Æther was an attempt to "fix" Magic: the Gathering, in one respect. A common gripe among Magic players is mana. You either get too little, or too much. For the uninitiated, mana is what powers your spells in M:tG. If you don't have enough of it, the game won't be much fun for you because you can't do anything. If you draw nothing but mana, on the other hand... the game won't be much fun for you because you can't do anything! Seasoned players might instead argue that, "If you're havin' mana problems, I feel bad for ya, son. I got 99 cards, and EDH is fun!"

So Æther's solution was to create a game that had the juicy tidbits of Magic: the Gathering, but without the mana problems. I thougt that game had already been made, and that it was called Duel Masters. But my cynicism was short-lived because Æther was more than just a Magic ripoff without mana, it was also a ripoff of Uno! You may be thinking, well isn't Pilatch just a ripoff of Poker, and Rock Paper Scissors? Totally. As it turns out, stealing ideas and making them into your own is the epitome of creativity. T. S. Eliot would back me up on this. There's also research suggesting William Shakespeare was so productive because of the loose intellectual property laws/enforcement in his creative environment, and his numerous high quality peers/competitors for him to siphon ideas from.

Therefore, Æther promised to be a bundle of awesome because it smooshed together two staples of the card game industry. Like Uno, the goal was to get rid of all the cards in your hand. Or, that was one of the goals. Because Æther was also like Magic, players had life totals too. You could win by killing someone, and slurp up that player's tangy nectar of vitality, thus ascending to the level of god-buster supreme, or whatever the lore called it.

What actually happened? We took turns putting creature cards onto the table, based on the previous card's number or color, like Uno. Why were there so many creatures? Because Wizards of the Coast's vast marketing and development data proved that monsters were the best part of Magic. As a result the Æther game designers built the central deck that we players shared with tons of creature cards.

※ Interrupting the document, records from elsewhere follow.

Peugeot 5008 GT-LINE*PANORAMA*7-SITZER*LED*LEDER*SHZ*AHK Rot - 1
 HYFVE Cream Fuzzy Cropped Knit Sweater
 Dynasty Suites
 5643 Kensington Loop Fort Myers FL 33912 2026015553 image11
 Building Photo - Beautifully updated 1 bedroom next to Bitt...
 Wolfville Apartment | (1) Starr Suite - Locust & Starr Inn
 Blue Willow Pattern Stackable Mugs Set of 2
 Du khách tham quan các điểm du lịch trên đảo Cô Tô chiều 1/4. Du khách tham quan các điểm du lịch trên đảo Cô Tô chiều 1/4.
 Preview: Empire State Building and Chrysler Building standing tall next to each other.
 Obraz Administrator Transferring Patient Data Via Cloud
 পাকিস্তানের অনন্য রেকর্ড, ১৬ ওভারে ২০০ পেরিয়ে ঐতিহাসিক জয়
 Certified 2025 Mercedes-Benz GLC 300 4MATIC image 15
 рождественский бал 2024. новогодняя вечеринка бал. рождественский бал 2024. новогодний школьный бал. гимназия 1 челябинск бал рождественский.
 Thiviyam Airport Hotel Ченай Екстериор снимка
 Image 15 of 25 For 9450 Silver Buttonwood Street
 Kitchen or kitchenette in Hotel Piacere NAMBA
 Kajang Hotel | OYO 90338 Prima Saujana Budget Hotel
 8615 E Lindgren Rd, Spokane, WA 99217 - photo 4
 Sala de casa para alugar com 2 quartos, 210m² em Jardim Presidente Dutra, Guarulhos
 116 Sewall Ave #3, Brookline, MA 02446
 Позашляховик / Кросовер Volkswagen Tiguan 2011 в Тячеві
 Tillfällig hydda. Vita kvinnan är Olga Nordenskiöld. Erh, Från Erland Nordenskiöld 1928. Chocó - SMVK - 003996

In the early portion of our four-player game of Æther, there were not as many creatures, so those of us who were fortunate to play big creatures early put the beatdown on lightly defended opponents. The table soon evened out, and there were few profitable attacks, so the game devolved into a slightly advanced version of Uno, with skip-a-player cards, reverses, draw-two cards, etc. Occasionally a card would have an effect that would return a card to a player's hand, which had the double benefit of removing a defender, and slowing that player from emptying her hand. You might also steal a creature from somebody. However, attacking was still not viable in the middle-to-late game, even with these effects because there were so many creatures. If you attacked with your army, it left you open to counter attack from the other players. It seemed equally fruitless to attack with only a couple dudes, because of the defender's advantage — deciding which monsters block which, and who gangs up on whom.

The stagnation might have been less restrictive, were there were more combat tricks. If I could play a card from my hand, at any time (provided it met the Uno restriction), to affect creatures, then I may have considered sending a lone creature to infiltrate an opponent. At least I could bluff.

At the end of the game, our strategy was to look at the player's hand with the fewest cards in it. Remember which were played, and convince the rest of the table not to play cards of a certain quality, so that player could not empty her hand. This situation is ironic because the Æther designers wanted to eliminate a part of Magic that prevented players from playing cards, but they found a new way to foster inactivity.

My criticism is admittedly harsh, but Æther has potential to develop in a number of different directions, given its resources. The state of the game was very young when I played. The game designers only had one piece of original artwork, (I thought it looked pretty good), and had cut each card from stock, by hand. Along with the unique card templates, that's a lot of hard work. I know this from experience. The best thing for the Æther designers to do now is to continue development at events like these.

Recap of the UnPub Mini event in West Chester, PA, from May 19, 2012.